Materials provided Start Marker

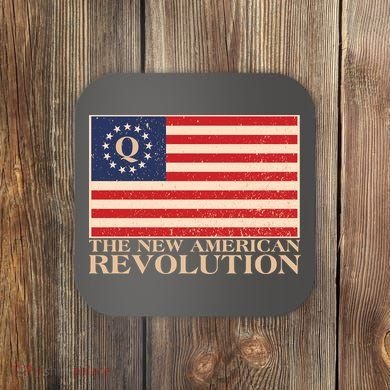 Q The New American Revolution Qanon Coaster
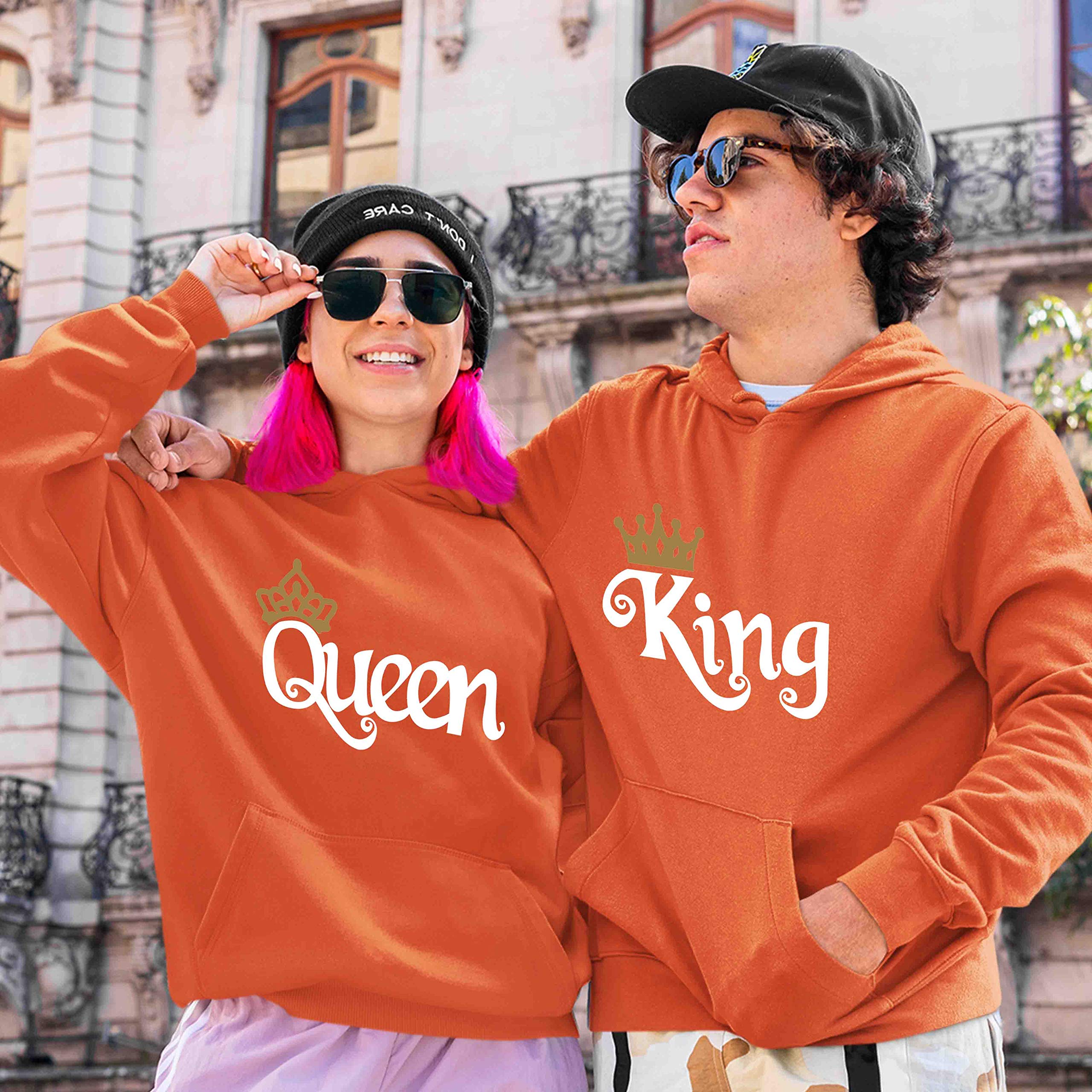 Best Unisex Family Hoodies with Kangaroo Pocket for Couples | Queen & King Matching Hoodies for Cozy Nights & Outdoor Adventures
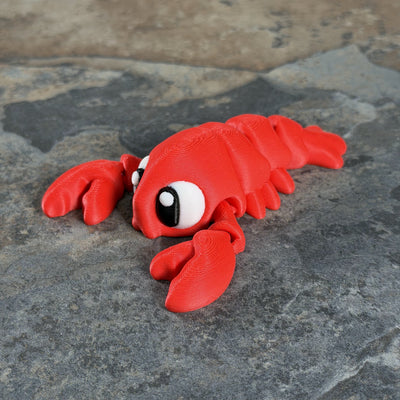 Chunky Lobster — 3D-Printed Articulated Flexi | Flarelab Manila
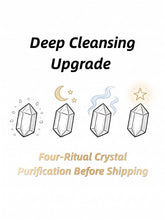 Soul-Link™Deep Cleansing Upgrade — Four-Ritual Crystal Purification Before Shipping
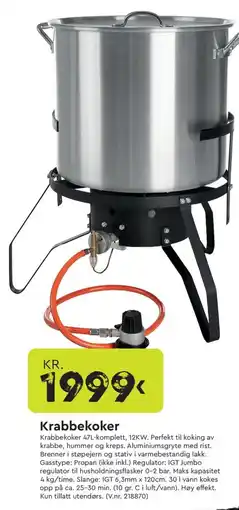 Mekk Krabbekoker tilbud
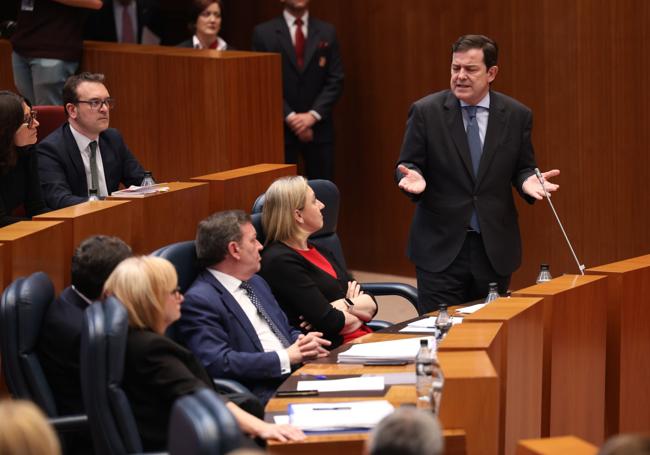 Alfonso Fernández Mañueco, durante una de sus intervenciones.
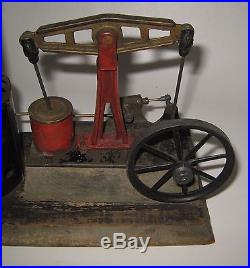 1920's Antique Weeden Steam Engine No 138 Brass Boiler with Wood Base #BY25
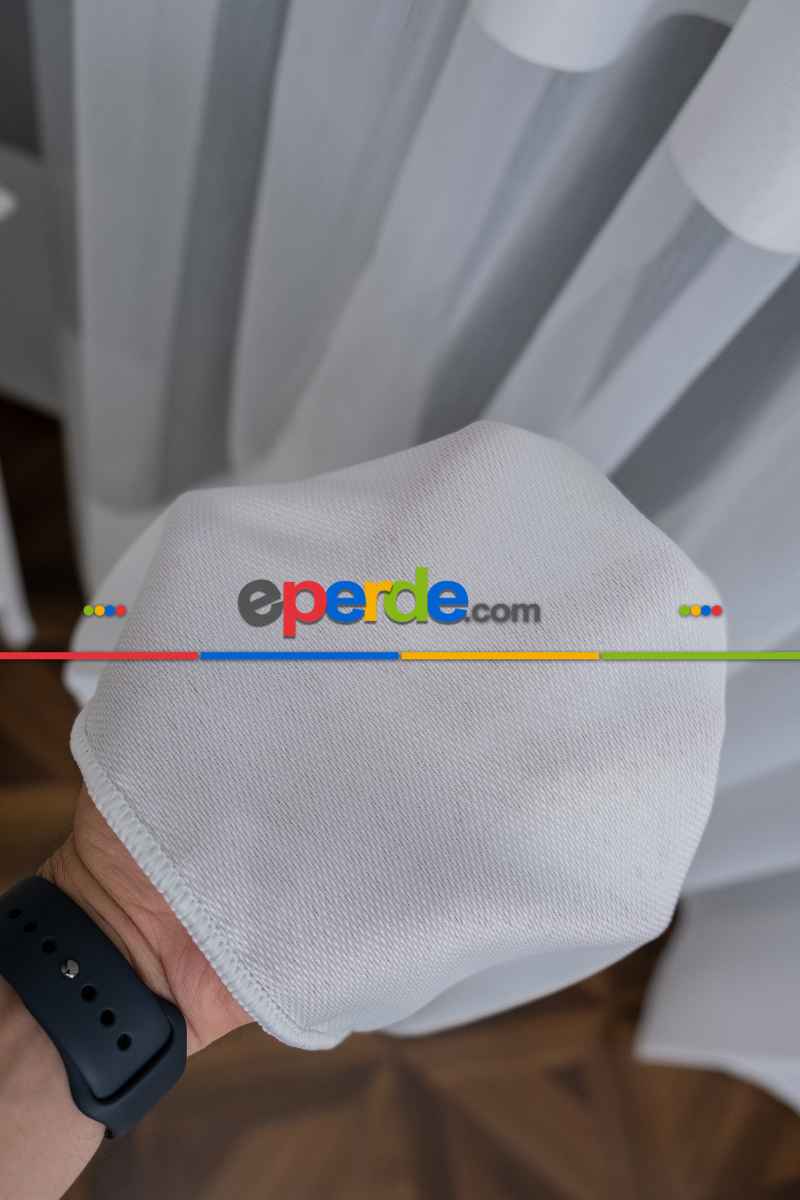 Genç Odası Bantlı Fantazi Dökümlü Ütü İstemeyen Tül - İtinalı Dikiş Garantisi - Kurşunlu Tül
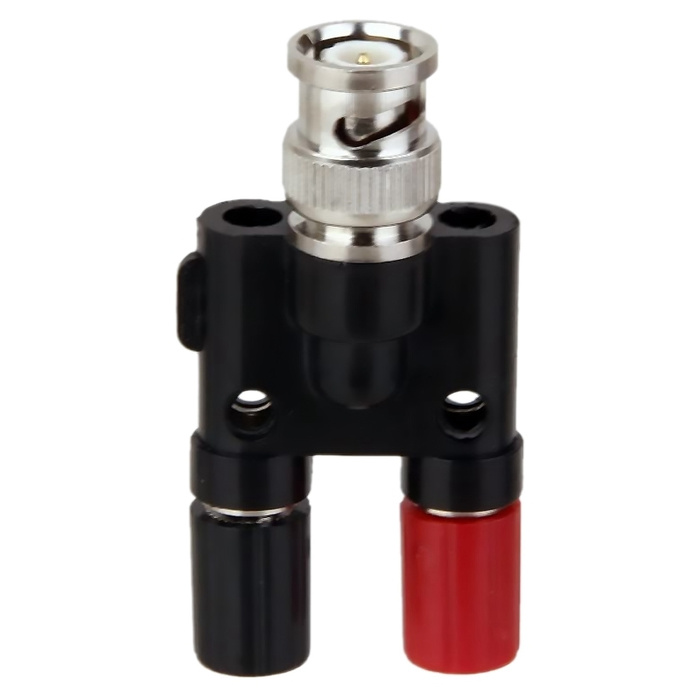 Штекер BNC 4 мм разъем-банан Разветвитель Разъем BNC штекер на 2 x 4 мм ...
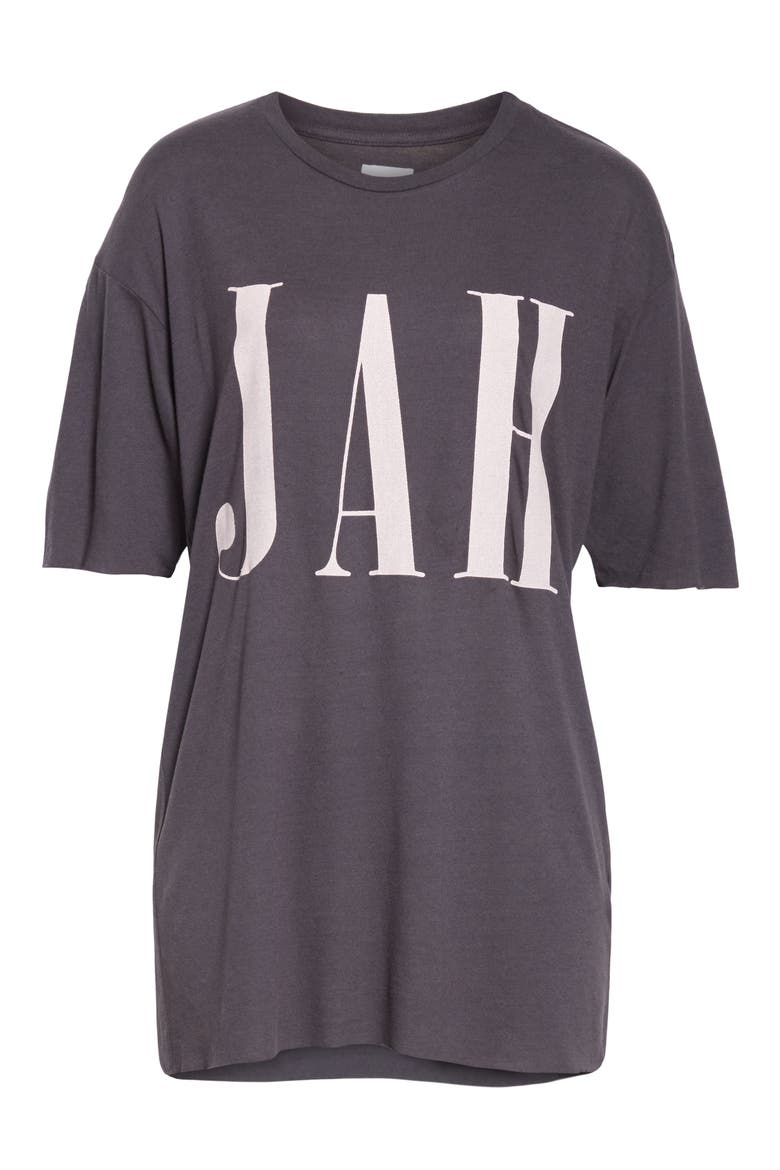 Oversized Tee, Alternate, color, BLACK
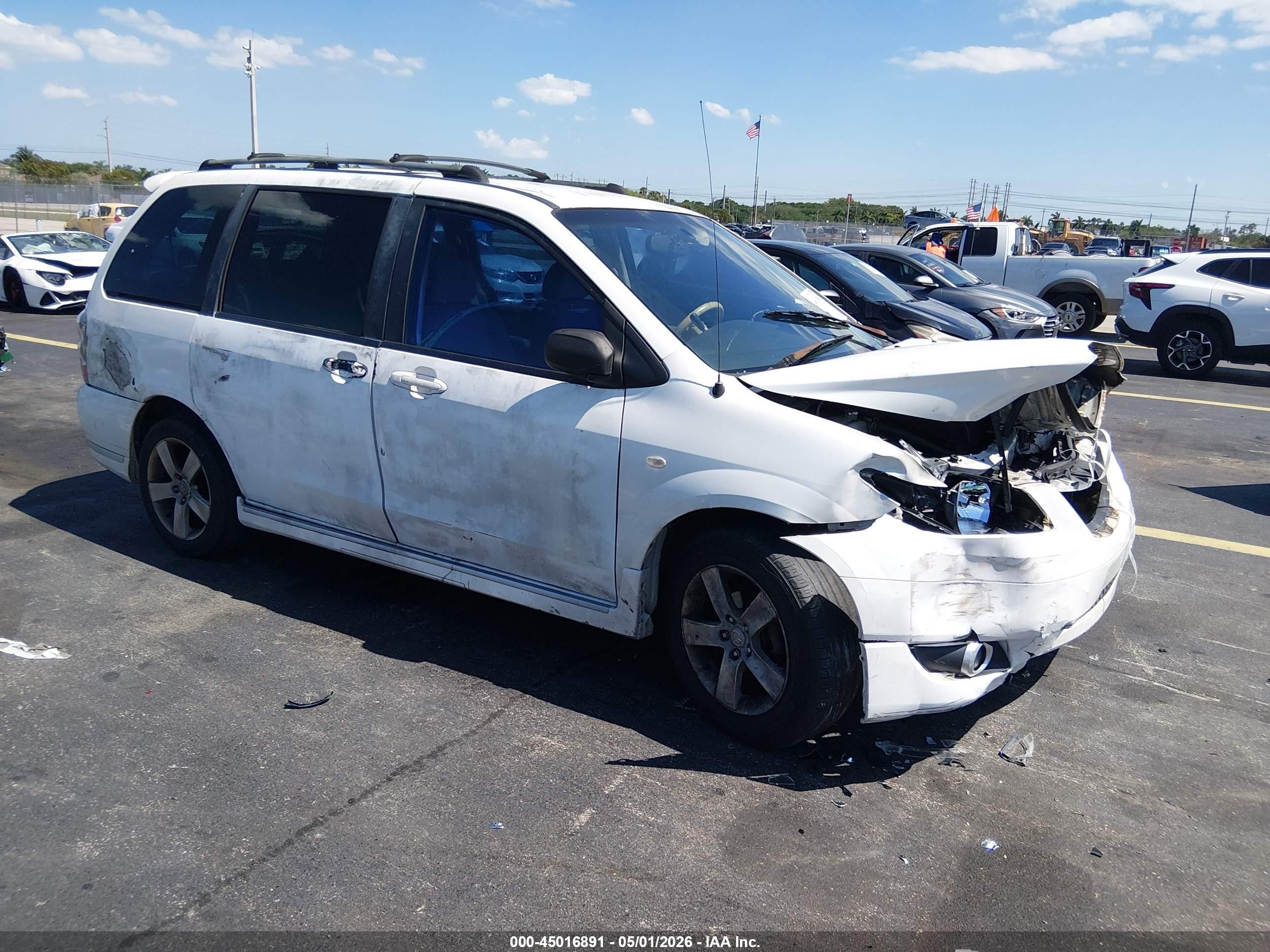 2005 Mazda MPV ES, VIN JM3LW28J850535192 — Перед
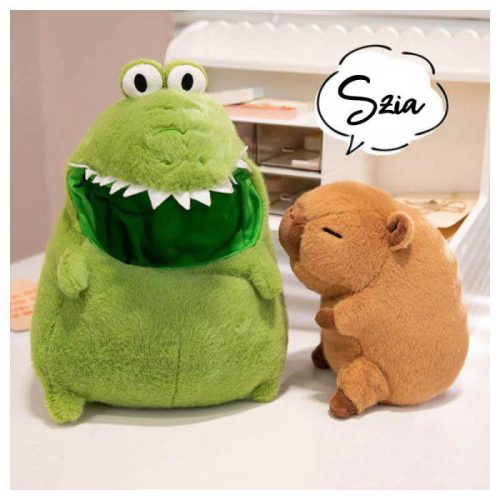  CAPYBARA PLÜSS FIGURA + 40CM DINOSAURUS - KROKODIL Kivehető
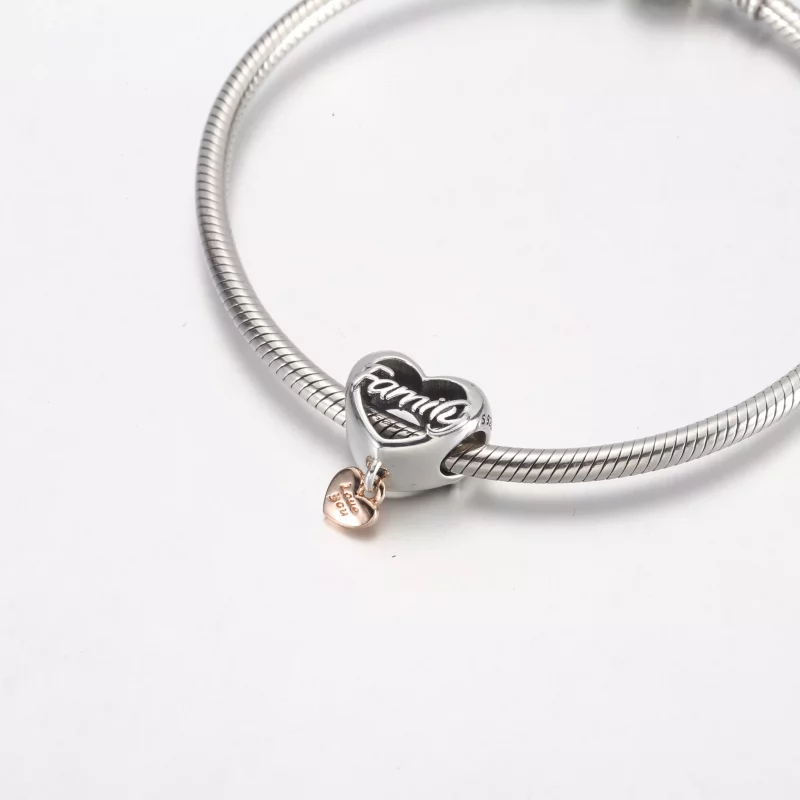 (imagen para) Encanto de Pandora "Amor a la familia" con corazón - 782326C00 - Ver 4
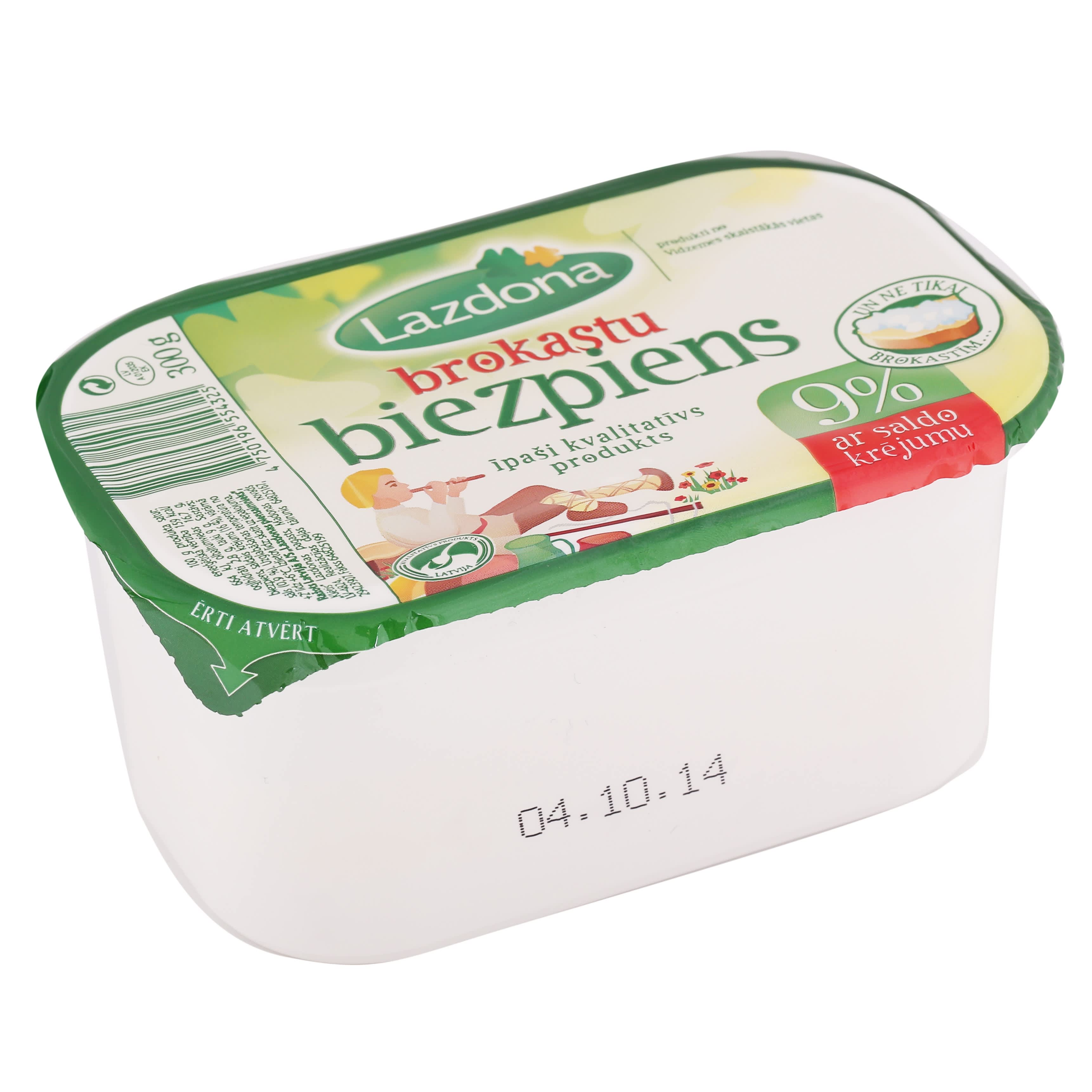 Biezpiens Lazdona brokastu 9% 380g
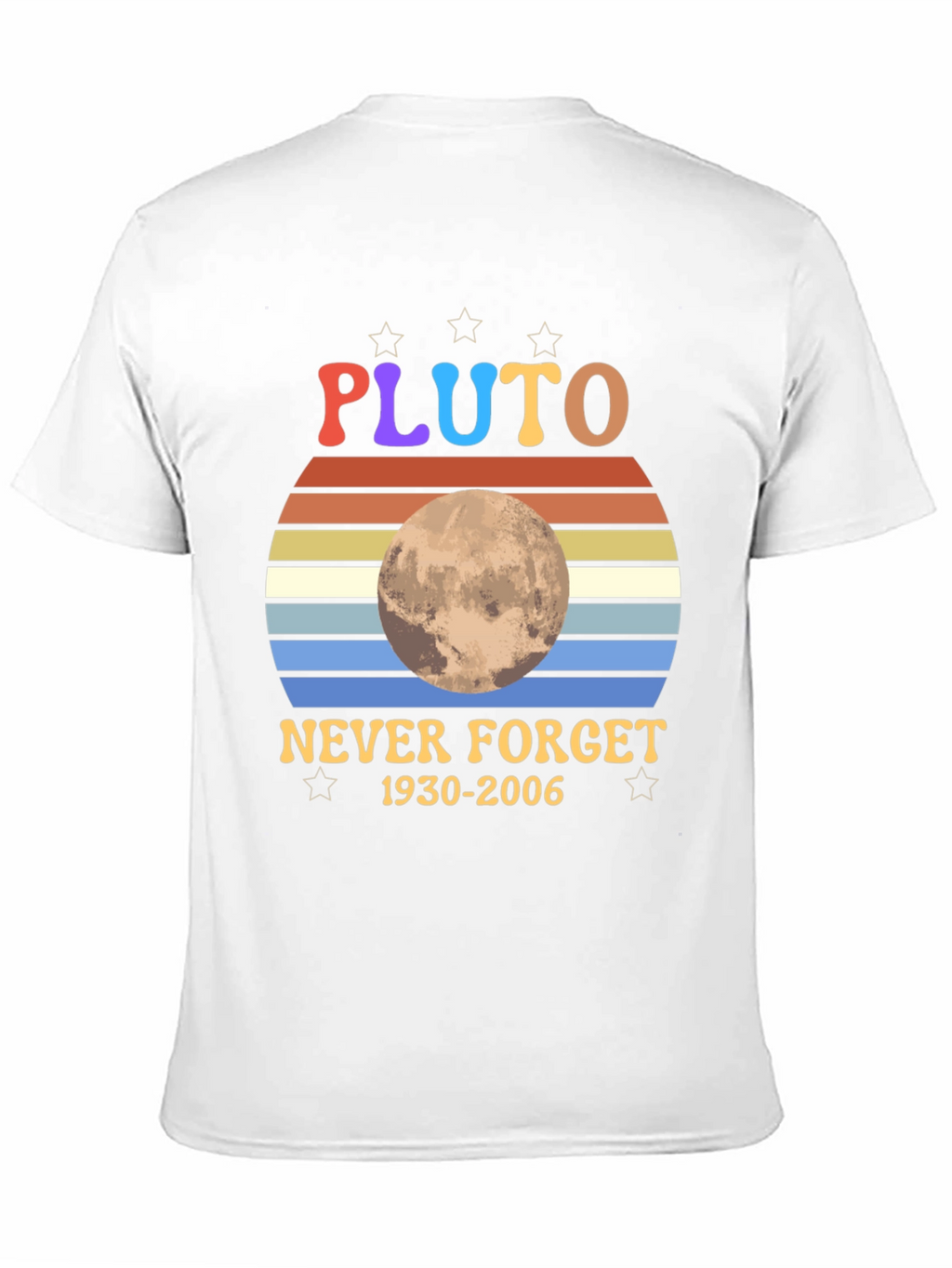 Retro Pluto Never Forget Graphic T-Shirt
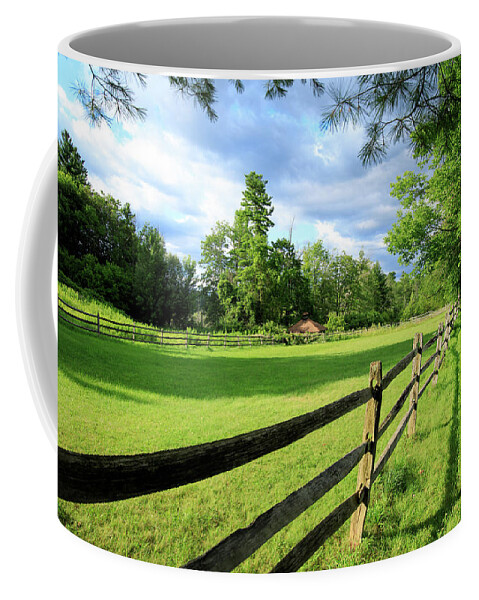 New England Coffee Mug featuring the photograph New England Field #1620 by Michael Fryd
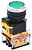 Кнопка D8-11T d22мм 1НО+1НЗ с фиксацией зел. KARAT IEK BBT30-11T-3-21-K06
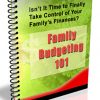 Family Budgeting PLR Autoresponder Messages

Materials provided End Marker

Without the images, write out each line of the data verbatim.

• Task result
 Q The New American Revolution Qanon Coaster
 Best Unisex Family Hoodies with Kangaroo Pocket for Couples | Queen & King Matching Hoodies for Cozy Nights & Outdoor Adventures
 Chunky Lobster — 3D-Printed Articulated Flexi | Flarelab Manila
 Soul-Link™Deep Cleansing Upgrade — Four-Ritual Crystal Purification Before Shipping
 Mekk Krabbekoker tilbud
 Alfonso Fernández Mañueco, durante una de sus intervenciones.
 1920's Antique Weeden Steam Engine No 138 Brass Boiler with Wood Base #BY25
 Genç Odası Bantlı Fantazi Dökümlü Ütü İstemeyen Tül - İtinalı Dikiş Garantisi - Kurşunlu Tül
 Штекер BNC 4 мм разъем-банан Разветвитель Разъем BNC штекер на 2 x 4 мм ...
 Oversized Tee, Alternate, color, BLACK
 2005 Mazda MPV ES, VIN JM3LW28J850535192 — Перед
  CAPYBARA PLÜSS FIGURA + 40CM DINOSAURUS - KROKODIL Kivehető
 (imagen para) Encanto de Pandora "Amor a la familia" con corazón - 782326C00 - Ver 4
 Biezpiens Lazdona brokastu 9% 380g
 Retro Pluto Never Forget Graphic T-Shirt
 New England Coffee Mug featuring the photograph New England Field #1620 by Michael Fryd
 Кнопка D8-11T d22мм 1НО+1НЗ с фиксацией зел. KARAT IEK BBT30-11T-3-21-K06
 Family Budgeting PLR Autoresponder Messages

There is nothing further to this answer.